Kasus-kasus kejahatan terhadap wisman sudah mulai terjadi di Bali. Kasus-kasus ini harus terus diwaspadai agar tidak merusak citra pariwisata Bali. Kasus kejahatan ini tentu saja berakar dari distribusi ekonomi pariwisata Bali yang tidak adil. Sebagian kecil orang menikmati terlalu besar dibandingkan sebagian besar orang. Hal ini menimbulkan kecemburuan yang bisa terwujud menjadi berbagai tindak kejahatan. Tindak-tindak kejahatan akibat ketidakadilan ekonomi berlangsung sejak zaman dahulu. Karena itu, masyarakat Bali membangun sistem ekonomi pertanian yang diwadahi subak untuk mendistribusikan sumber daya alam (air) secara adil kepada petani. Apakah pariwisata Bali bisa seperti subak yang mampu mendistribusikan keuntungannya secara adil kepada masyarakat Bali?
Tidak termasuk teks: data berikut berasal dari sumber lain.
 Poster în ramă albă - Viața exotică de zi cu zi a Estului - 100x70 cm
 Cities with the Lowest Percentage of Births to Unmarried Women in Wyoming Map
Sistem distribusi ekonomi yang adil ini masih menjadi masalah bagi Bali. Pembagian PHR antar satu kabupaten ke kabupaten lainnya, dan distribusi jalur-jalur pariwisata hingga kini masih menjadi masalah. Karena itu, masih banyak masalah dalam diri Bali sendiri untuk menjadi the Island of Gods, sehingga sangat mengkhawatirkan apabila branding tersebut tidak sesuai dengan kenyataannya. Di dunia ini, branding memang banyak yang tidak sesuai dengan kenyataannya, tetapi destinasi dengan branding seperti itu tidak akan bertahan lama. Karena itu, membangun branding harus diikuti dengan perencanaan pariwisata Bali yang holistik.

(Dr. I Gede Sutarya, SST.Par.,M.Ag adalah Dosen pada Jurusan Pariwisata Budaya IHDN Denpasar)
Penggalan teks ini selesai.